§ **What to work on**: As soon as the line containing "BMW M6 Cabrio" appears, start repeating lines exactly and continue to the end of the entries; please skip pictures.
---
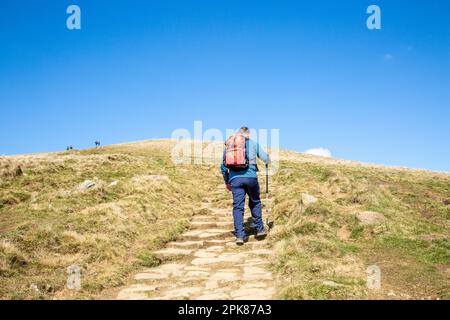 Walkers  walking  up to the summit of Lose Hill, the start of the great ridge walk between Mam Tor and Lose Hill in the English Peak District Stock Photo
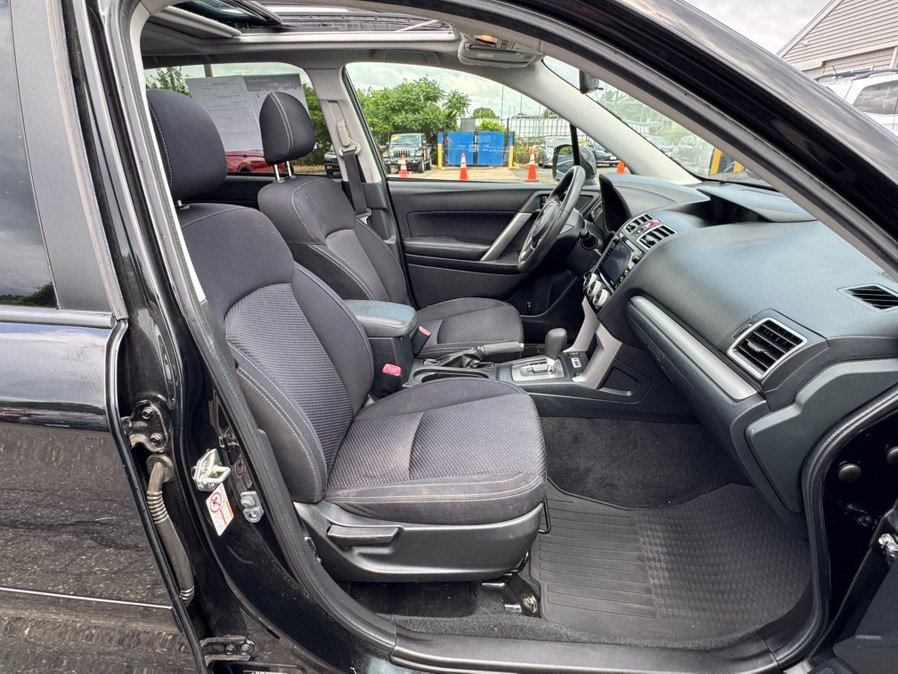 Used 2017 Subaru Forester 2.5i Premium w/ All-Weather Package AWD/4WD image 22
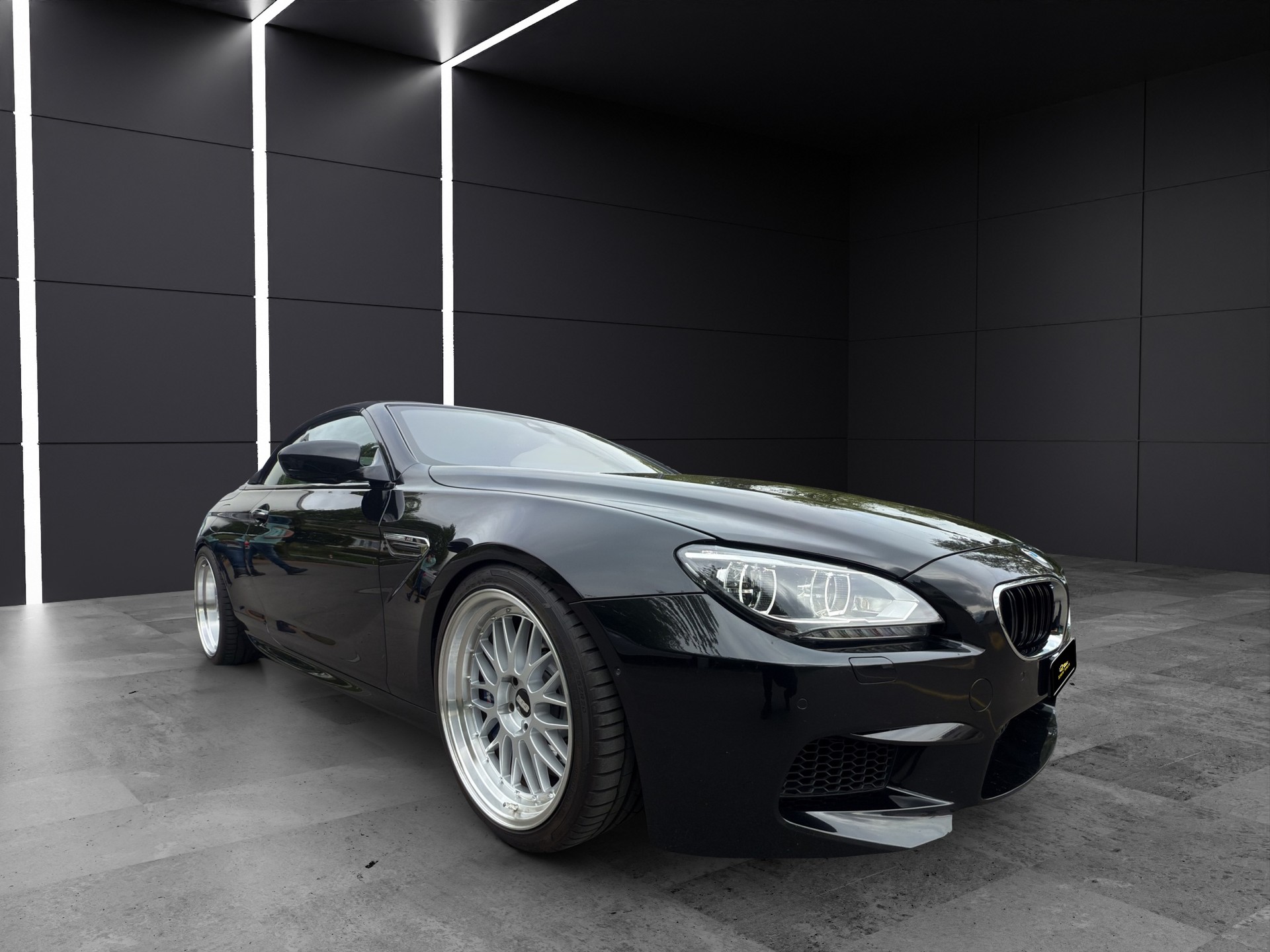 BMW M6 Cabrio Drivelogic *AKTION JUNI*-showroom-element-2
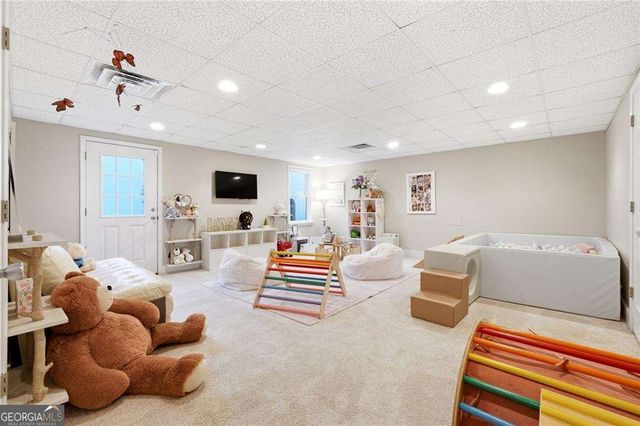 405 Glen Grove Court, Roswell, GA 30075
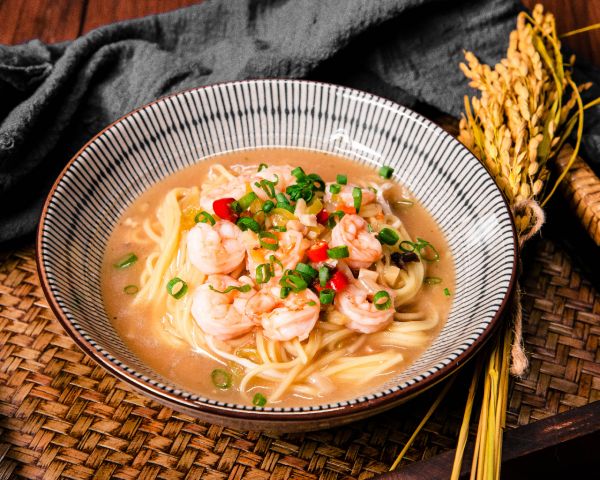 快手酸汤鲜虾面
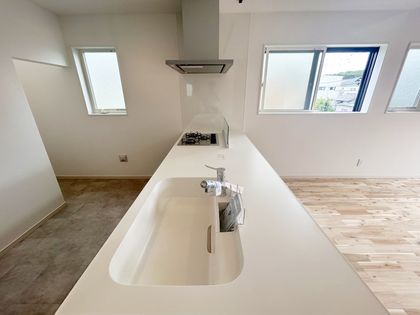 茅ヶ崎市柳島海岸 新築B号棟 キッチン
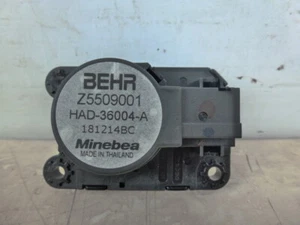 Smart Forfour Prime 1.0 453 2015 Innenraum Heizungssteuerung Stellmotor (A) - Bild 1 von 3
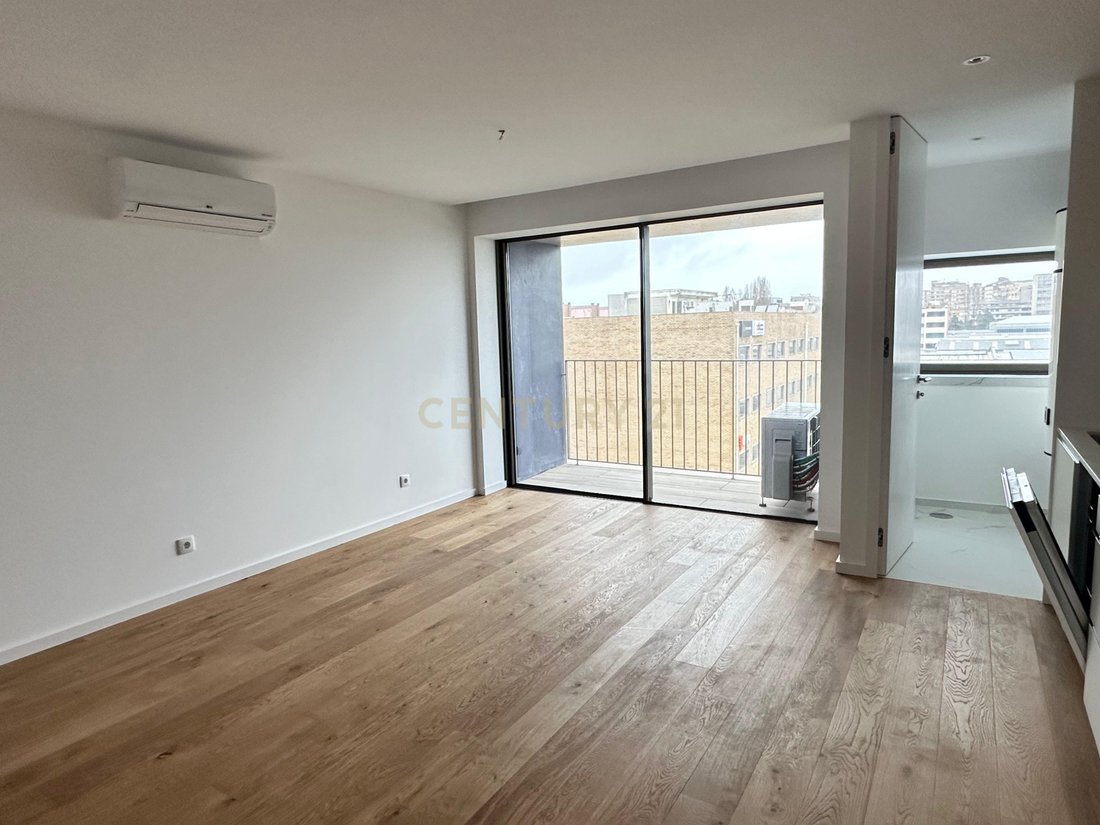 Apartment in Matosinhos e Leca da Palmeira, Porto District, Portugal 2 - 17444259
---
§ **Your solution**:
 BMW M6 Cabrio Drivelogic *AKTION JUNI*-showroom-element-2
 405 Glen Grove Court, Roswell, GA 30075
 快手酸汤鲜虾面
 茅ヶ崎市柳島海岸 新築B号棟 キッチン
 Smart Forfour Prime 1.0 453 2015 Innenraum Heizungssteuerung Stellmotor (A) - Bild 1 von 3
 Apartment in Matosinhos e Leca da Palmeira, Porto District, Portugal 2 - 17444259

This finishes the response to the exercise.